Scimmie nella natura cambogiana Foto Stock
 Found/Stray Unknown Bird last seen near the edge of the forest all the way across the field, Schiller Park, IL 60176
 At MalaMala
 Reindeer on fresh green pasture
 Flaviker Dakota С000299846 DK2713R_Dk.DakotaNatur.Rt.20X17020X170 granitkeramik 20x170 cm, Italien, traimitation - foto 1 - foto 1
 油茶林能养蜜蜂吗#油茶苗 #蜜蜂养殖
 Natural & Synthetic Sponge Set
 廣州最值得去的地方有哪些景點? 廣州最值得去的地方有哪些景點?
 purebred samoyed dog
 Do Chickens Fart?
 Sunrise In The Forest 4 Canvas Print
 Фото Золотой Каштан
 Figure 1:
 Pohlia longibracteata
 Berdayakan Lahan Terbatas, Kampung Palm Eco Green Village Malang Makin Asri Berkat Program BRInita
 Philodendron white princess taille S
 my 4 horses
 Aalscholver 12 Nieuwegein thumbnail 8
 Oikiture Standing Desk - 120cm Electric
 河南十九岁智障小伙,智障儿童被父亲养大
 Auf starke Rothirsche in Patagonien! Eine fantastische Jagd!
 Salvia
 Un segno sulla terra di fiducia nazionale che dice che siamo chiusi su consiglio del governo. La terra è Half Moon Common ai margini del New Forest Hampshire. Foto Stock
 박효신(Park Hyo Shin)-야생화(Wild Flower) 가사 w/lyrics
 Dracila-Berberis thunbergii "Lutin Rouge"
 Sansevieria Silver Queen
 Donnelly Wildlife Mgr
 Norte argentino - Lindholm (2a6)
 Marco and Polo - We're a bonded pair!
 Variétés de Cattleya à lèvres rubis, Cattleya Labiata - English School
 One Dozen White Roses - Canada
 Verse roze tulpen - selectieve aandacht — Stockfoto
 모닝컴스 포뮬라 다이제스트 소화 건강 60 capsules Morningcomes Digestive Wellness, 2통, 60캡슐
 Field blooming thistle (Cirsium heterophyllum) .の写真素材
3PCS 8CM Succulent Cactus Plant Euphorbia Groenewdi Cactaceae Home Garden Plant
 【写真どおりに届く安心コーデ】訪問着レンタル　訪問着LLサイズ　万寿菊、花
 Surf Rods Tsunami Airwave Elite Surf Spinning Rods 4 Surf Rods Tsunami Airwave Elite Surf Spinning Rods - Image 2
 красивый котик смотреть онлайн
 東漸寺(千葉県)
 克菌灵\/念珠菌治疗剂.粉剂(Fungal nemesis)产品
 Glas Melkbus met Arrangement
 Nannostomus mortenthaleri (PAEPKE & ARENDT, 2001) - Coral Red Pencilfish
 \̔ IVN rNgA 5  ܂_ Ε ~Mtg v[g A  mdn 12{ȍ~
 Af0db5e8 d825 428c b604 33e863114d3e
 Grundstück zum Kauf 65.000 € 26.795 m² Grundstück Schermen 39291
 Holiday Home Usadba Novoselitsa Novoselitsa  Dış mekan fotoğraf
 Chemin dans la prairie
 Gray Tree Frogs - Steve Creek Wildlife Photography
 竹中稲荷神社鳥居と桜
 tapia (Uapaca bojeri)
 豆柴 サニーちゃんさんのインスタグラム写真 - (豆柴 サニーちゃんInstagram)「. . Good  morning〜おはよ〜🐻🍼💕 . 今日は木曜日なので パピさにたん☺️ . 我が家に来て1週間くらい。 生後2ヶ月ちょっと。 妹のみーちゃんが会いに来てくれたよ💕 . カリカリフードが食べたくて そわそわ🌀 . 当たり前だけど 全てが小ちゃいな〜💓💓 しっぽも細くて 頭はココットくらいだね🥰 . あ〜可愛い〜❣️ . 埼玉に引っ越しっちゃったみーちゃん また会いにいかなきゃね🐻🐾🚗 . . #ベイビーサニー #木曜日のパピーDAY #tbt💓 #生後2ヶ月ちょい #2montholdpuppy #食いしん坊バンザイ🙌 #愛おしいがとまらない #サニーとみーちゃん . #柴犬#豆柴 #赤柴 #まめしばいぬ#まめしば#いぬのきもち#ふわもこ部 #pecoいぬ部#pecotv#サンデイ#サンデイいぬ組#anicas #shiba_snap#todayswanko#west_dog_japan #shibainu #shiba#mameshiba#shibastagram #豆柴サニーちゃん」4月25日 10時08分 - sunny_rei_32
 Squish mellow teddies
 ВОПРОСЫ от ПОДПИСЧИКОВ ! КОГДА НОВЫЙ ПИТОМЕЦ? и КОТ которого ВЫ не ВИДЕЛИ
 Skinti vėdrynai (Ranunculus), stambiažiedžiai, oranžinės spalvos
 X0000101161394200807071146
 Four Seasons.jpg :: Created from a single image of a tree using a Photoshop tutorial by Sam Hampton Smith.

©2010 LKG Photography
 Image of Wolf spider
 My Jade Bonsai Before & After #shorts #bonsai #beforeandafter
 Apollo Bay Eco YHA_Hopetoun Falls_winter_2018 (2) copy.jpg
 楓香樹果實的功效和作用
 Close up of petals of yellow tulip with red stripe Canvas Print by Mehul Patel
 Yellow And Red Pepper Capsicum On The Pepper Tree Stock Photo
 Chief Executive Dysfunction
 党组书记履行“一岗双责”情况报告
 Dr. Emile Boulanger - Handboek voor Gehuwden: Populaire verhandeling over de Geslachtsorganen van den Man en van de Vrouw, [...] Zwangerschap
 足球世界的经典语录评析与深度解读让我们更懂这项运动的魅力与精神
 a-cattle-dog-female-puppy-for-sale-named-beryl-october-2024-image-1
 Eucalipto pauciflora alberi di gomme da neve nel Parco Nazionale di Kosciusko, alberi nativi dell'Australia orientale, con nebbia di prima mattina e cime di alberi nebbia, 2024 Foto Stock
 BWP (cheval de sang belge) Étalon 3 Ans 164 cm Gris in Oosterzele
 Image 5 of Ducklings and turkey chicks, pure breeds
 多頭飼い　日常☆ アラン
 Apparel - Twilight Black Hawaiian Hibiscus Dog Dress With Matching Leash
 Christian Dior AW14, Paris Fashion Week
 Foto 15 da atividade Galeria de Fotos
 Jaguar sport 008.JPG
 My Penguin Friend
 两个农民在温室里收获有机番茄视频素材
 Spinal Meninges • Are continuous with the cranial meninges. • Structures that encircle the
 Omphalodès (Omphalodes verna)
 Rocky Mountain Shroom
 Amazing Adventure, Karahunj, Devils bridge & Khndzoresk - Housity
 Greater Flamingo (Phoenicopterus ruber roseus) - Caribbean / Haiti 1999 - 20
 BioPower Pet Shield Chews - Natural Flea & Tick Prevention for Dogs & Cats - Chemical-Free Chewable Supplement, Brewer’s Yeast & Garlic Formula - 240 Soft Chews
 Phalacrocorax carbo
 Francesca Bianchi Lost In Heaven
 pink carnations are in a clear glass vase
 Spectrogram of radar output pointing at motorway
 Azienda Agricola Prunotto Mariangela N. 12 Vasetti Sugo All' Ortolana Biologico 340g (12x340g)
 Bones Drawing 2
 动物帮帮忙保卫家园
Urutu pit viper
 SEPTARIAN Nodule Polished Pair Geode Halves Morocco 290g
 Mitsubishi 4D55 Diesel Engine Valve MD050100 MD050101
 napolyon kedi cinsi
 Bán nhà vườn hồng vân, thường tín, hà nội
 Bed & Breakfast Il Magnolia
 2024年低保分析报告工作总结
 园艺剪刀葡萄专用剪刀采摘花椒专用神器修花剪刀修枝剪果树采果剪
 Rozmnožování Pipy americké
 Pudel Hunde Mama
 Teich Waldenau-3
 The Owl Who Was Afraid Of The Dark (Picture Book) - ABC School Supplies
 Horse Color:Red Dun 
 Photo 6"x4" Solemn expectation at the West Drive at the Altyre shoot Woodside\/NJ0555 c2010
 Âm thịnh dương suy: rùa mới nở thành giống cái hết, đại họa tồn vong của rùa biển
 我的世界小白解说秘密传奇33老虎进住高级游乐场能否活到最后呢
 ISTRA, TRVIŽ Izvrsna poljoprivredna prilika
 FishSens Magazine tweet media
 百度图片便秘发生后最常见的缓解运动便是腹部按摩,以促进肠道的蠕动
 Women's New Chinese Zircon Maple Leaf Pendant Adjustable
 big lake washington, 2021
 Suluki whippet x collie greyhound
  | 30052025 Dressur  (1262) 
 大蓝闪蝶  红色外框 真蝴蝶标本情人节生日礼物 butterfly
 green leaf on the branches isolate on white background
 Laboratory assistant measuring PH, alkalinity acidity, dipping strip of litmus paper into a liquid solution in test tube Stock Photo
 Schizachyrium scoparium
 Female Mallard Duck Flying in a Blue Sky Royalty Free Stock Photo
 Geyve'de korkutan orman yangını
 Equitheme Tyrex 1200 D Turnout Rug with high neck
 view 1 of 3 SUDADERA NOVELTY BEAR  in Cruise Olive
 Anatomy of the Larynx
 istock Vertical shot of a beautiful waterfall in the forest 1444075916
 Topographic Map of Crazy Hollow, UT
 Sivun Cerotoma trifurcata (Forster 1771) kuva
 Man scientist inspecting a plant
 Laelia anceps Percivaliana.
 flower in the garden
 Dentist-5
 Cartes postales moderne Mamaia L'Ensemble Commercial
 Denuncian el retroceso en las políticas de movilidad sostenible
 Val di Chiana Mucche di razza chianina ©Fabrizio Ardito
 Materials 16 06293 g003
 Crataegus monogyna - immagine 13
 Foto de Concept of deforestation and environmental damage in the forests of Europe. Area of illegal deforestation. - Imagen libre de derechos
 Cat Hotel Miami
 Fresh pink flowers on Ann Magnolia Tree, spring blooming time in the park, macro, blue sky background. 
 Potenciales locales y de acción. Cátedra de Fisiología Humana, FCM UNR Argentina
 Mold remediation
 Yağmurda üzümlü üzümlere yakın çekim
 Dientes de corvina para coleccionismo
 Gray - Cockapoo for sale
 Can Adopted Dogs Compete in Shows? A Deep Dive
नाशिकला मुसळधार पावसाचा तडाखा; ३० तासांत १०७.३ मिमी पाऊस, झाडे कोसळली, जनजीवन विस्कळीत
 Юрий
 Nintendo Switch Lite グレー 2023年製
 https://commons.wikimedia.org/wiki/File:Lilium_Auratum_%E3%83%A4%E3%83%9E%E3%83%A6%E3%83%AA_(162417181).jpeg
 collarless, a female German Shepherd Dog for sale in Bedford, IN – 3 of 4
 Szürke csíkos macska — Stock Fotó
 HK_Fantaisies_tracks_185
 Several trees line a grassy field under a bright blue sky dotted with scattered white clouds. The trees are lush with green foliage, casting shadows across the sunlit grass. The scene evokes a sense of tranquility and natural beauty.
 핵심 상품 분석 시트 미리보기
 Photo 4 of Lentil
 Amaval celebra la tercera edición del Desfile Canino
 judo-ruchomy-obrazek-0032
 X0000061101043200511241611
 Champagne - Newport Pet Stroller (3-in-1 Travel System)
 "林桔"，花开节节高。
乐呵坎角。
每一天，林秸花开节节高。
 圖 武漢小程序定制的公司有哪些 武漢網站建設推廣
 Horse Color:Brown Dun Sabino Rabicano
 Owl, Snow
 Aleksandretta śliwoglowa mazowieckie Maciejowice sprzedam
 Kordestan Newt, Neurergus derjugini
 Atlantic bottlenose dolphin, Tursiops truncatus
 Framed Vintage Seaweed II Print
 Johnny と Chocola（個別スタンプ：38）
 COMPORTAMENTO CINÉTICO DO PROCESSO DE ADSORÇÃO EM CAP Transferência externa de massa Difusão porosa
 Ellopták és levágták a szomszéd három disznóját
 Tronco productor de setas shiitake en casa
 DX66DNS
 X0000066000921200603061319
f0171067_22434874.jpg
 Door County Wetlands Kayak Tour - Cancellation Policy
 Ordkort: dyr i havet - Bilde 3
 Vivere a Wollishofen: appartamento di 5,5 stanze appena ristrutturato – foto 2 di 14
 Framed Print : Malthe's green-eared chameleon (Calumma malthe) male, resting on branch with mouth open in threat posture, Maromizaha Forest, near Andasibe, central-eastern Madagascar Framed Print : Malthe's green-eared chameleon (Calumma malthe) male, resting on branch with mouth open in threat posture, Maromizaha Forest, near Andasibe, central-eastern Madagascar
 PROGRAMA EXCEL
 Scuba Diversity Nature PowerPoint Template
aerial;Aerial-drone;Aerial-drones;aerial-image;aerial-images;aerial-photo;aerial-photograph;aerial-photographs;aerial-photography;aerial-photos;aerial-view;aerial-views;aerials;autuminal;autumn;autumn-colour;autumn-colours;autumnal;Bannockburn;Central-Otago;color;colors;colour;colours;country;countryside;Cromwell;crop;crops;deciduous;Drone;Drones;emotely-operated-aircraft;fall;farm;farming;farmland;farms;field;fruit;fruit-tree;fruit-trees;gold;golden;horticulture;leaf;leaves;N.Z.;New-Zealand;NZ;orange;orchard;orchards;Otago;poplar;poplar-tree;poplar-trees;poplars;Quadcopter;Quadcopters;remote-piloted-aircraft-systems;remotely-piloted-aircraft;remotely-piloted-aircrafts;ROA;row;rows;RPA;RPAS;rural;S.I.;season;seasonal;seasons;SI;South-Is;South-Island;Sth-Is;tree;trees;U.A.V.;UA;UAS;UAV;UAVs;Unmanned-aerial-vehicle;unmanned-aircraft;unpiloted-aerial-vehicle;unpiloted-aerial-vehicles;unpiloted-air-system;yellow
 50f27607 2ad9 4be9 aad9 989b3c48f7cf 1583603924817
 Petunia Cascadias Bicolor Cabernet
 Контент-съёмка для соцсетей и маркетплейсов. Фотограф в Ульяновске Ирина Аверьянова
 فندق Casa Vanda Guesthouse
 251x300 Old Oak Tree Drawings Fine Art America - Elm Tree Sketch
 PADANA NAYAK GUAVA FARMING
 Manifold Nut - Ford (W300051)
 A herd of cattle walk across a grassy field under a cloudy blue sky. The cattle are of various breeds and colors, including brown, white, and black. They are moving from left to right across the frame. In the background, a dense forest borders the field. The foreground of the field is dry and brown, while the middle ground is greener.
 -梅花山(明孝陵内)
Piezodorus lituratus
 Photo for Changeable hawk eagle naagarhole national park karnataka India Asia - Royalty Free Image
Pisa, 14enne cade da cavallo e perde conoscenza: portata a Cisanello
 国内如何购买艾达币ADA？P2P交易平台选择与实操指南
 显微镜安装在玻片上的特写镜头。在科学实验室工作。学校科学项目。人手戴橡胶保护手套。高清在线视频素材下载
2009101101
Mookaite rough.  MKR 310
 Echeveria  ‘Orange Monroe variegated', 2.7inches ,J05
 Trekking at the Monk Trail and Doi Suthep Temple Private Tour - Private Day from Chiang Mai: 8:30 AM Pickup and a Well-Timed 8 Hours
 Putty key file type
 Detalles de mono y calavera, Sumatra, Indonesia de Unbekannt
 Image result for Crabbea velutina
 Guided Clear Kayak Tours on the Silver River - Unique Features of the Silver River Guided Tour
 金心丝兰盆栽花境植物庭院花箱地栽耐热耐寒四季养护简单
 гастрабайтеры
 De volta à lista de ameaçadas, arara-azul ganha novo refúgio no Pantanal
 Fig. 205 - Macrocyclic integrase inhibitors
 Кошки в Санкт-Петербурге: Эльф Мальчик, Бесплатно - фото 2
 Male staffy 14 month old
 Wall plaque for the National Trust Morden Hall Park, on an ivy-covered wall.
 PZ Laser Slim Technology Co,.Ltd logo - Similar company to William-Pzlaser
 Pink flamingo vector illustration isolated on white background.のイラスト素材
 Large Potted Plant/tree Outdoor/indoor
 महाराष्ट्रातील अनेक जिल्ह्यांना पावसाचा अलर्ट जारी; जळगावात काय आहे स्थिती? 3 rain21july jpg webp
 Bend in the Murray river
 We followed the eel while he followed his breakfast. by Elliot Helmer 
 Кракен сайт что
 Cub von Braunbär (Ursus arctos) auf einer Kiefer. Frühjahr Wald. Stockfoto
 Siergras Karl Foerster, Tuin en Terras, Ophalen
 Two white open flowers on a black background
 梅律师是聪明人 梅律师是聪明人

===

THE PROBLEM
Could you set down, word for word, only the lines above from the line with "Val di Chiana" to the line with "HK_Fantaisies_tracks_185", including both?

OUTPUT BELOW
 Val di Chiana Mucche di razza chianina ©Fabrizio Ardito
 Materials 16 06293 g003
 Crataegus monogyna - immagine 13
 Foto de Concept of deforestation and environmental damage in the forests of Europe. Area of illegal deforestation. - Imagen libre de derechos
 Cat Hotel Miami
 Fresh pink flowers on Ann Magnolia Tree, spring blooming time in the park, macro, blue sky background. 
 Potenciales locales y de acción. Cátedra de Fisiología Humana, FCM UNR Argentina
 Mold remediation
 Yağmurda üzümlü üzümlere yakın çekim
 Dientes de corvina para coleccionismo
 Gray - Cockapoo for sale
 Can Adopted Dogs Compete in Shows? A Deep Dive
नाशिकला मुसळधार पावसाचा तडाखा; ३० तासांत १०७.३ मिमी पाऊस, झाडे कोसळली, जनजीवन विस्कळीत
 Юрий
 Nintendo Switch Lite グレー 2023年製
 https://commons.wikimedia.org/wiki/File:Lilium_Auratum_%E3%83%A4%E3%83%9E%E3%83%A6%E3%83%AA_(162417181).jpeg
 collarless, a female German Shepherd Dog for sale in Bedford, IN – 3 of 4
 Szürke csíkos macska — Stock Fotó
 HK_Fantaisies_tracks_185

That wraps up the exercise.